I’ve been pondering something this weekend … Is the concept of “team” now defunct and is “teamwork” a thing of the past?
On Friday we held our all colleague event; the Bromford Bash. It’s a big deal for us, let me set the scene; 1150 delegates, we do all our own event management, the ICC in Birmingham, technically complicated with a range of AV, animation and live twitter feed, lots of colleagues presenting (imagine facing an audience of over 1000 people when it’s not your day job) and one of our customers up there too.
Now clock that professional and totally amazing, inspirational and lovely speaker, Tim Campbell, first winner of The Apprentice is there. Yes I have fallen a little bit in love with Tim as have most colleagues from Bromford… and I promise here in writing not to stalk him! And the cherry on the top for good measure is the finale, ‘doing’ the UK’s biggest Harlem Shake led by our CEO … Which could be the biggest ever tumble weed moment ever in the history of events if no one joins in. Phew they did (check it out on You Tube here. You’ll see Mick our CEO is a great sport).
So it all went off on Friday (if you looked the link you’ll see I mean that literally!) Even better than I could have dreamed of. All the lead up paid off all the rehearsing, nagging, persuading, preparing. And whilst I could write a list of lots of people here … colleagues Alex Abbotts (who heads up our Comms team) and Tracy Cadwallader (who heads up our facilities team) deserve a special mention because they lead the teams of their own and other colleagues that created such an amazing ‘do’.
Over this weekend I’ve been reading all the Yammers and Tweets from our colleagues under the #bash2013 and it’s been humbling but also really amazing to feel all the luuurrve out there for the people who helped support and contribute to the event including the teams and people that organised the day.

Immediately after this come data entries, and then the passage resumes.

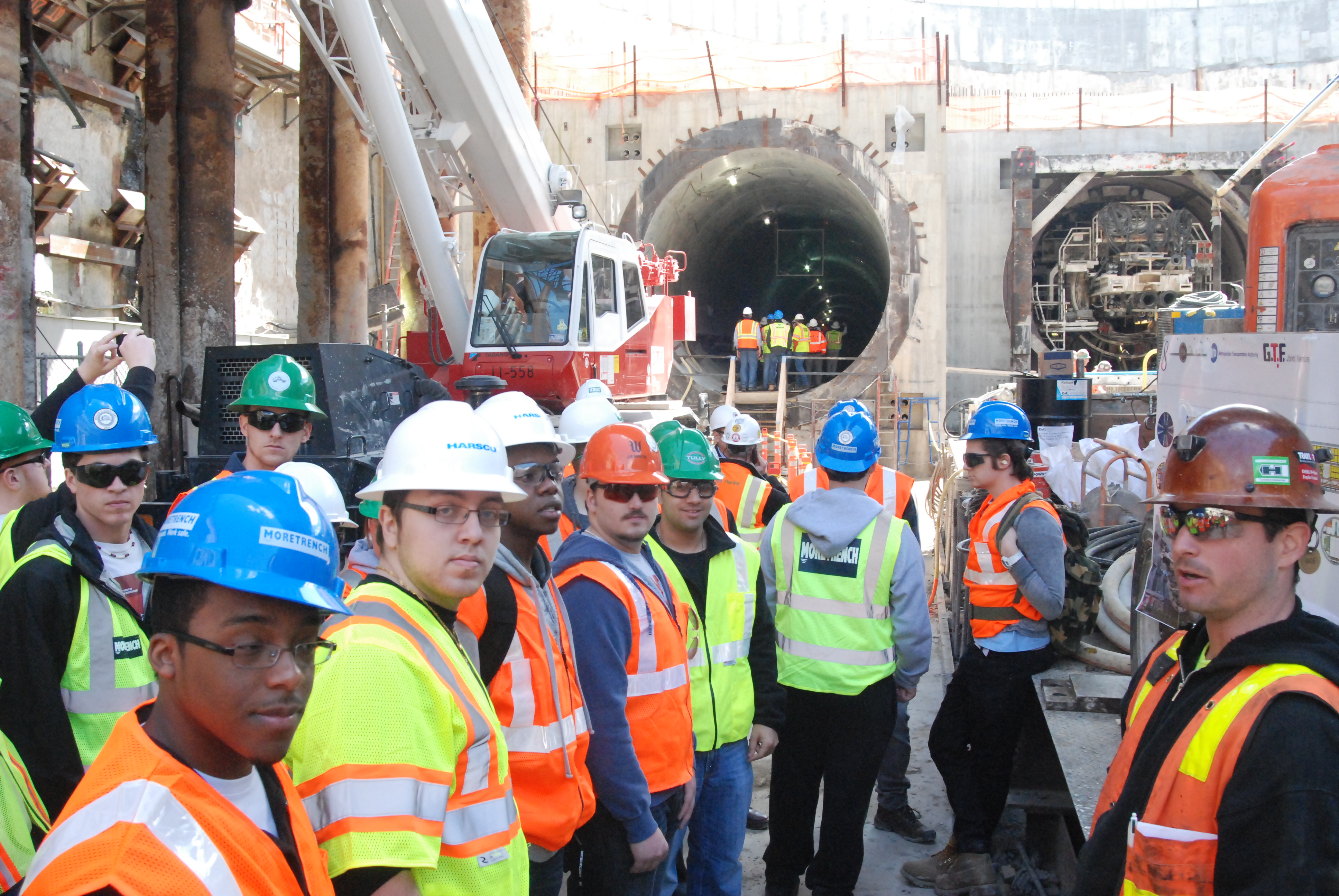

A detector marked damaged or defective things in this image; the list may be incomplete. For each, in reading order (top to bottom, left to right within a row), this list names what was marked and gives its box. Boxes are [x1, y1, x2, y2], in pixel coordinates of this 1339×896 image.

rusty steel beam [0, 0, 35, 402] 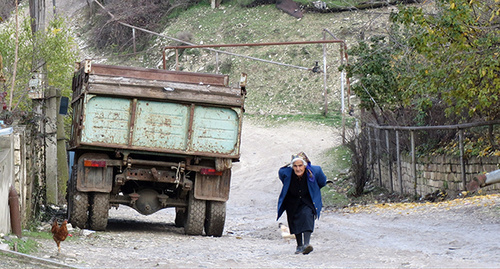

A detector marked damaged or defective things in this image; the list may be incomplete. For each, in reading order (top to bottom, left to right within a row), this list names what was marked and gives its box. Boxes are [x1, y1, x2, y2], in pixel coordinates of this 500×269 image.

rusty truck body [66, 60, 246, 234] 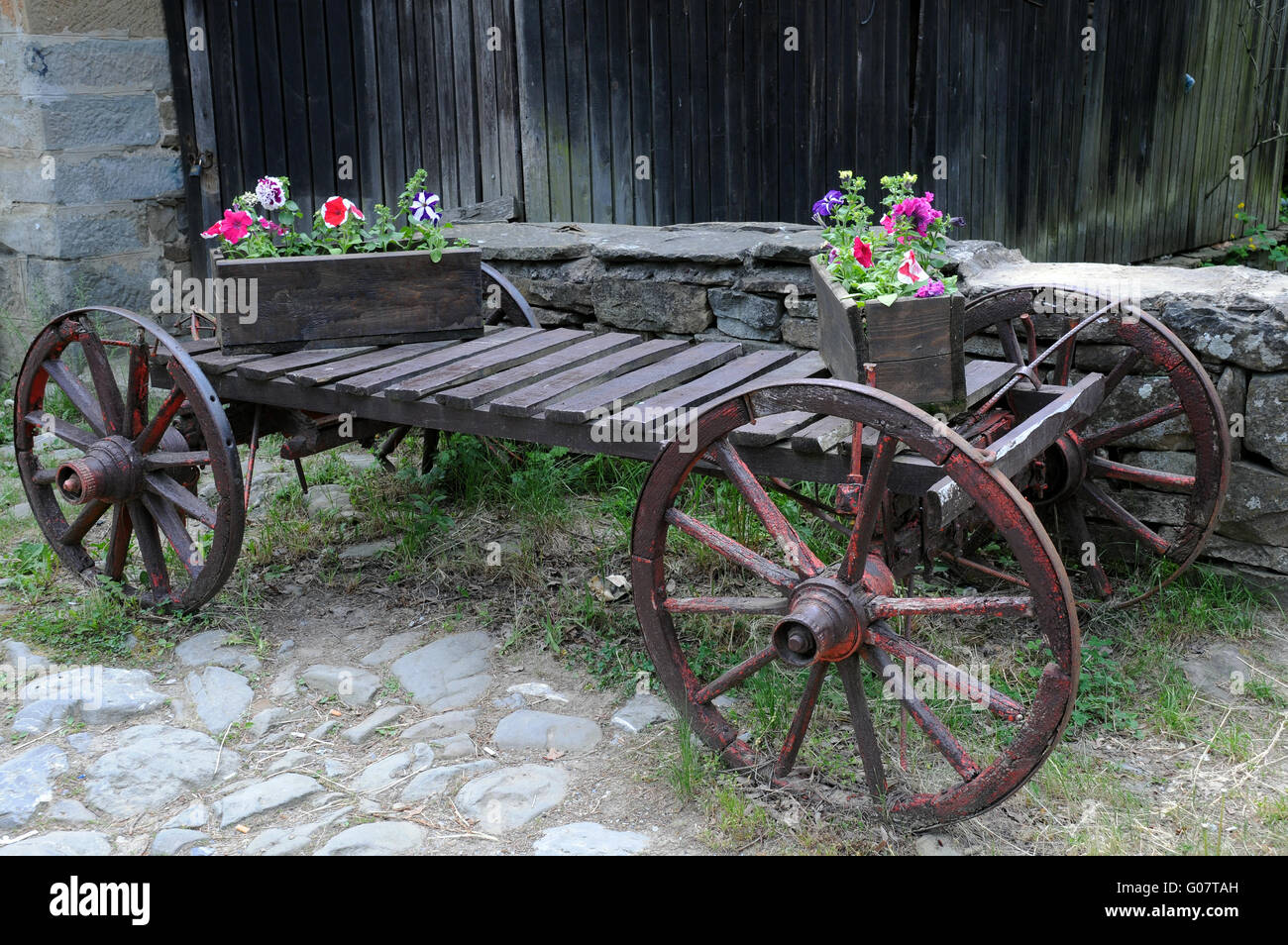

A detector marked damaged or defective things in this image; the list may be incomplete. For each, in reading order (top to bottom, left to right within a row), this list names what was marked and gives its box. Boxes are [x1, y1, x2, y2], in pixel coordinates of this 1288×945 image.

rusty wagon wheel [13, 305, 244, 606]
rusty wagon wheel [630, 380, 1070, 820]
rusty wagon wheel [963, 285, 1221, 602] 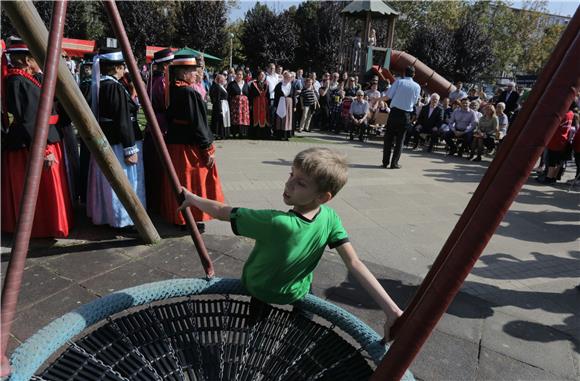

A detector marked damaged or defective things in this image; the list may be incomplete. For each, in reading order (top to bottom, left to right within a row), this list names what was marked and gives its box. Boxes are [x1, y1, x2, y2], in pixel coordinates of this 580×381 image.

rusty pipe [0, 0, 67, 374]
rusty pipe [103, 1, 214, 278] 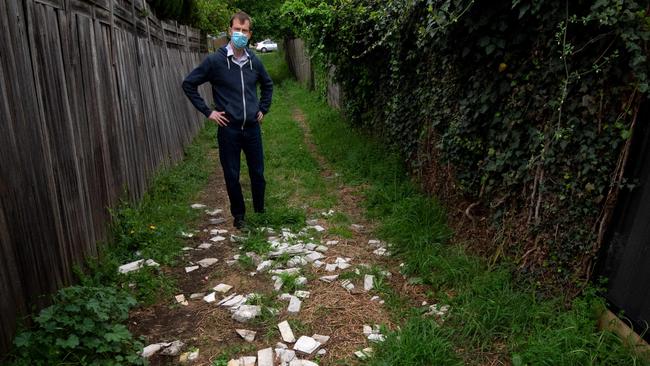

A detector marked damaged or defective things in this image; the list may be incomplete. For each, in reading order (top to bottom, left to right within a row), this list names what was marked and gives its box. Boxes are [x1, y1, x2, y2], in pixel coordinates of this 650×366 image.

broken tile fragment [233, 328, 253, 344]
broken tile fragment [280, 320, 298, 344]
broken tile fragment [292, 334, 318, 354] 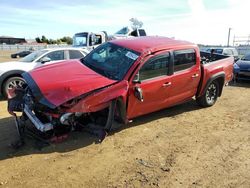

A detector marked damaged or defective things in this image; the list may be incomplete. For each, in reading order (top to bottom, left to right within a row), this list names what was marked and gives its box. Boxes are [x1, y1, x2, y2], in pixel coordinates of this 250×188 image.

But this has caused me a problem, I panic every time I read one that doesn’t mention both the Comms and Facilities teams. Frightened that one will get left out and feeling the need to compensate for it by reminding the poster that more than one team was involved. I was like a cat on a hot tin roof all weekend checking out postings and trying to make sure every one in each team or person felt valued and recognised.
I started to think about two other things – firstly one of our ‘F words’ here at Bromford is “department” we always refer to “teams”. Department to us indicates silos and we’ve not used this in our language for many years. Secondly it took me back to a conversation I had with our CEO a few weeks ago about our meetings rooms. We have open plan offices here (absolutely no one has a private office) – we do have “team rooms” that any one can book and we labelled these up with a team name – “HR team room” “Finance team room” etc. Mick and I discussed that this was almost counter to what we are trying to achieve – sticking a territorial label on a room.
So as the concept of team becomes less defined with matrix management, cross team working, project groups internal and external contributors is the concept of “team” as we used to know it dead or at the very least changing. I started to think about a more apt replacement , what about “collaboration” it’s very vogue but hmmmm doesn’t seem to capture the energy and some how feels very formal and has the danger of getting on an unflattering list alongside “running an idea up a flag pole and see who salutes it”, “pushing the envelop” “touching base” and “blue skies thinking”. What about “gang” .I still wasn’t sure. I took inspiration from my washing line – flapping away in the sunshine on my line was my T-shirt from Friday. Emblazoned on the back “CREW”. For me anyway this seems the solution. Crews on ships change, are together for a purpose, have to work together no matter what rank or they could sink, some may move on after the voyage and but find themselves together on a future trip.
So I dedicate this post as a tribute to special group of people. The Bromford Bash 2013 Crew – you know who you are!